Strappare lungo i bordi è un’operazione apparentemente semplice. Basta seguire scrupolosamente e lentamente la linea tratteggiata per portare a termine quello che ci serve. A volte però è sufficiente una piccola distrazione, o una pressione più forte del dovuto, a farci deviare da quella sottile linea tratteggiata. Se non ci accorgiamo in tempo dell’errore, quello che ci aspetta è un vistoso e irrimediabile strappo, simbolo delle tante cose che possono andare storte anche nell’esistenza più tranquilla e pacifica. Un concetto limpido e cristallino, su cui Zerocalcare costruisce Strappare lungo i bordi, serie animata da lui scritta e diretta disponibile dal 17 novembre nel catalogo di Netflix. Un prodotto in cui il fumettista riversa letteralmente tutto se stesso e la sua intera produzione (sua la voce di tutti i personaggi, ad eccezione dell’Armadillo doppiato da Valerio Mastandrea), alzando l’asticella qualitativa delle produzioni originali italiane della piattaforma.
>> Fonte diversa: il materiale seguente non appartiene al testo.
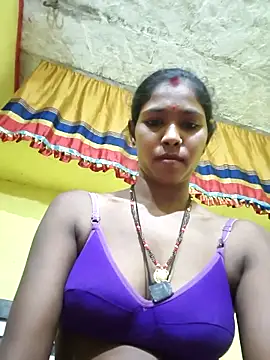 Snapshot of Fasfas2 chatting on November 2025 12:38:01 PM Fasfas2 online show from November 2025 12:38:01 PM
Strappare lungo i bordi: il disilluso e ironico grido di dolore di un’intera generazione

Zerocalcare mette in scena un vero e proprio ritratto generazionale, fatto di momenti surreali e conseguenti risate a crepapelle ma anche di sfumature malinconiche e tragiche, che fotografano con lucidità i timori e i vizi dei giovani adulti di oggi. Lo fa utilizzando il suo disegno pulito e preciso, che trova una valida sponda in un’animazione fluida e di ottimo livello complessivo, il suo caratteristico flusso di coscienza, capace di travolgere lo spettatore con un diluvio di riflessioni personali, disagio esistenziale e spassose paranoie, e l’umorismo che permea tutti i suoi volumi, che miscela in un piacevole frullato la cultura pop e la tipica veracità romana. Uno stile affinato dall’autore attraverso i suoi cortometraggi trasmessi nel corso di Propaganda Live, che in Strappare lungo i bordi deflagra con dirompente forza, in 6 episodi di breve durata (15-20 minuti ciascuno) ma sorprendentemente compatti per scrittura, toni e tematiche affrontate.

A fare da filo conduttore a una lunga serie di riuscite gag, notevoli intuizioni e amari spaccati di vita è un viaggio da Roma a Biella, che il protagonista Zerocalcare deve compiere insieme agli amici di sempre Secco e Sarah per un motivo che emerge solo negli ultimi episodi. Viaggio che come sempre è sia fisico che interiore, e che Zerocalcare sfrutta per rappresentare, con flashback e continue digressioni, l’alienazione e lo scoramento della generazione Y, cresciuta con certezze come il posto fisso, la sicurezza economica e una posizione lavorativa adeguata ai propri studi e alle proprie competenze, progressivamente disintegrate dai mutamenti dell’economia e della società negli ultimi decenni. Fra ironia e commozione, emerge il disilluso e ironico grido di dolore della generazione più triste e bistrattata del Dopoguerra, costretta a sopravvivere arrangiandosi e con lavori quasi sempre estremamente lontani dalle proprie ambizioni e dalle proprie inclinazioni personali.

Una piccola grande serie

I fedeli lettori di Zerocalcare ritroveranno il suo stile unico e inconfondibile, che non risente minimamente del passaggio dalla carta allo schermo e che trova anzi nello stesso autore la migliore voce narrante possibile e negli scambi con Valerio Mastandrea, cinica coscienza del protagonista, un perfetto contraltare alla rassegnazione alla base di Strappare lungo i bordi. L’aderenza della trama della serie alla produzione di Zerocalcare, e in particolare a La profezia dell’armadillo, è anche l’unico piccolo limite di una produzione che ha però il grande merito di imporre definitivamente all’attenzione generale (anche all’estero) una delle voci più pure e originali del panorama artistico italiano. Una piccola grande opera, in cui chiunque, a prescindere dall’età, dal sesso e dalla provenienza, può ritrovare una parte di sé e sentirsi così un po’ meno solo.